◆ Given information ◆
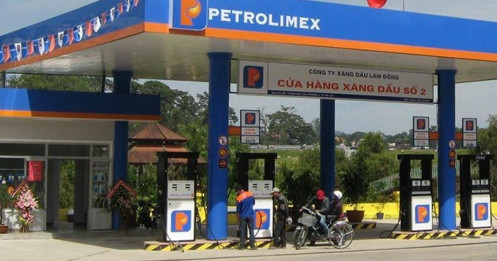 “Điêu đứng” vì giá xăng dầu giảm mạnh, Petrolimex lỗ "khủng" gần 1.900 tỷ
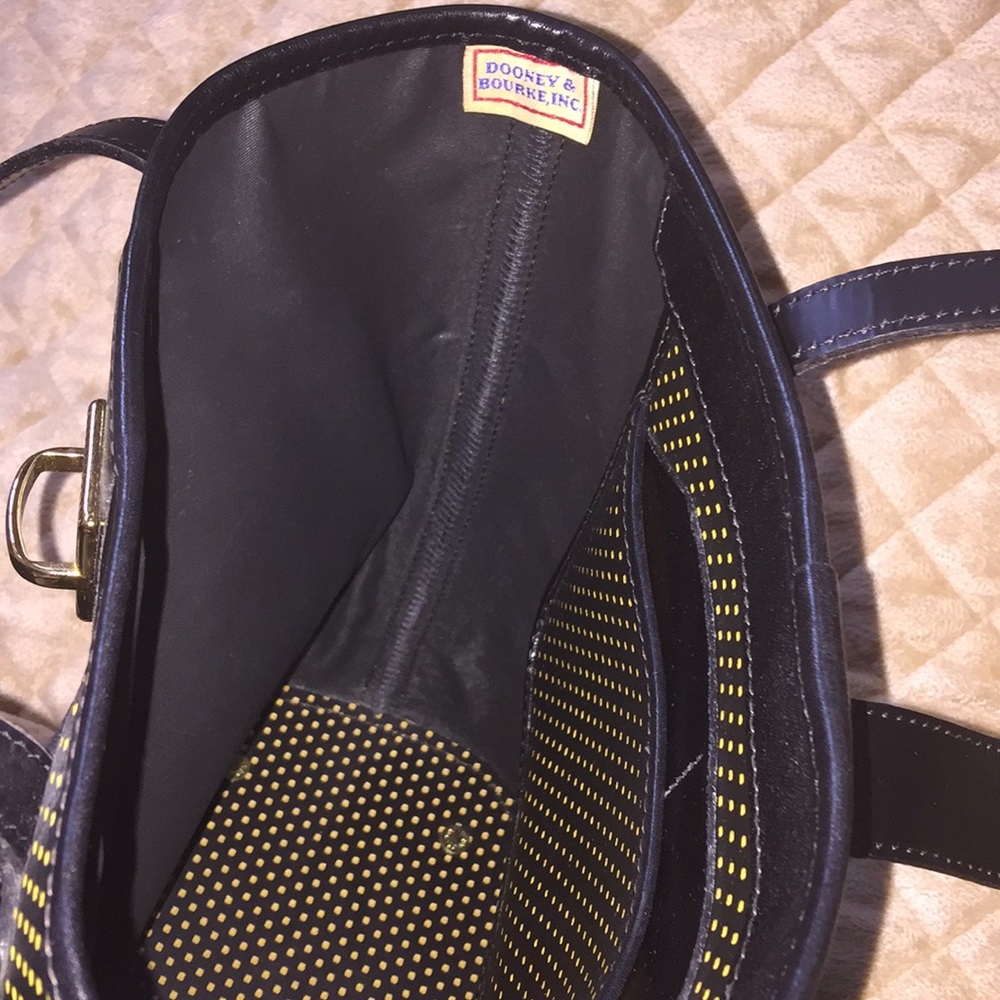 Black shoulder tote bag by Dooney & Bourke - Picture 3 of 7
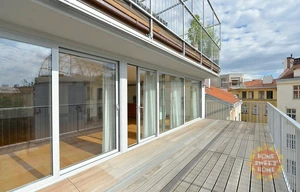 Apartment for rent, 4+kk - 3 bedrooms, 175m<sup>2</sup>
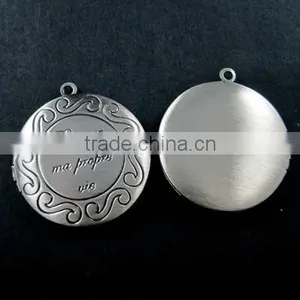32mm Brass Vintage Style Antiqued Silver French Plus Que ma Propre Vie Round Photo Locket Pendant 1113018 thumbnail-2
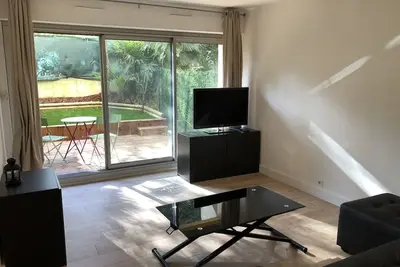 Image de Studio avec belle terrasse dans résidence calme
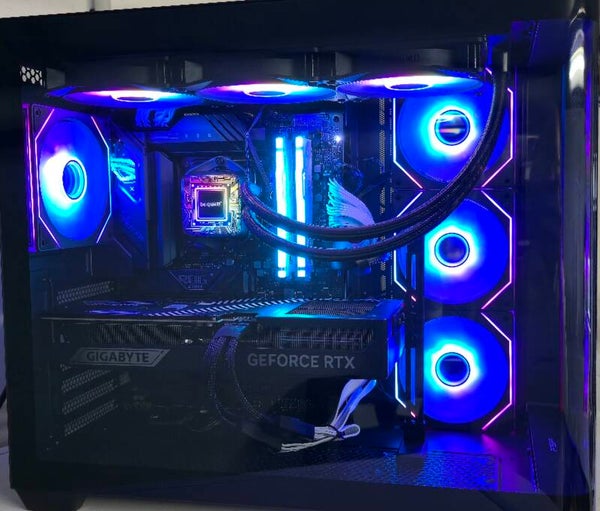 NEUER GAMER PC ULTRA 7 265K RTX 5080 32GB RAM DDR4 2TB M.2 SSD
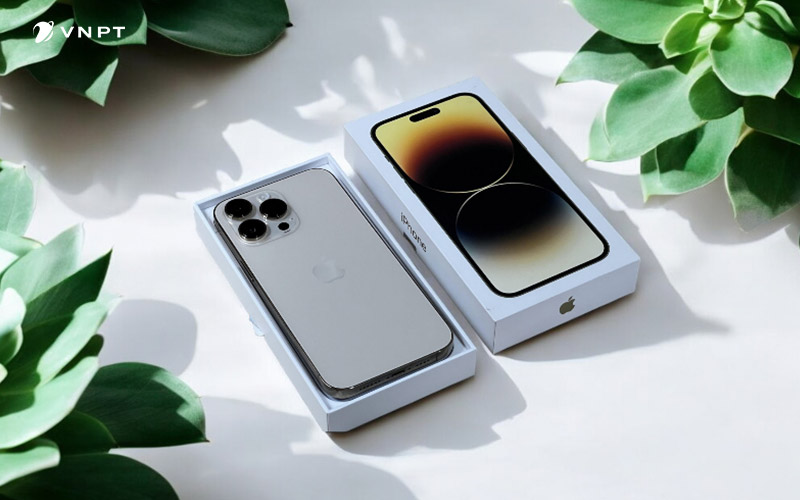 Giải đáp: iPhone 14 bản quốc tế có khe SIM không?
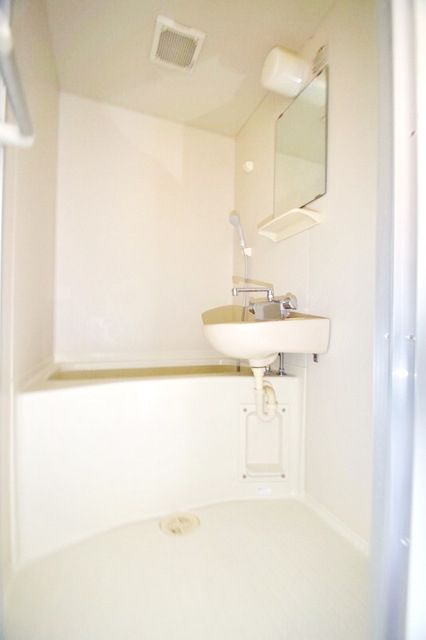 バス・シャワールーム　★お部屋探しはタウンハウジング稲田堤店まで★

◆ Task details ◆
The preceding entries should be duplicated word for word; no picture belongs in the copy.

◆ Answer to this task ◆
 “Điêu đứng” vì giá xăng dầu giảm mạnh, Petrolimex lỗ "khủng" gần 1.900 tỷ
 Black shoulder tote bag by Dooney & Bourke - Picture 3 of 7
 Apartment for rent, 4+kk - 3 bedrooms, 175m<sup>2</sup>
32mm Brass Vintage Style Antiqued Silver French Plus Que ma Propre Vie Round Photo Locket Pendant 1113018 thumbnail-2
 Image de Studio avec belle terrasse dans résidence calme
 NEUER GAMER PC ULTRA 7 265K RTX 5080 32GB RAM DDR4 2TB M.2 SSD
 Giải đáp: iPhone 14 bản quốc tế có khe SIM không?
 バス・シャワールーム　★お部屋探しはタウンハウジング稲田堤店まで★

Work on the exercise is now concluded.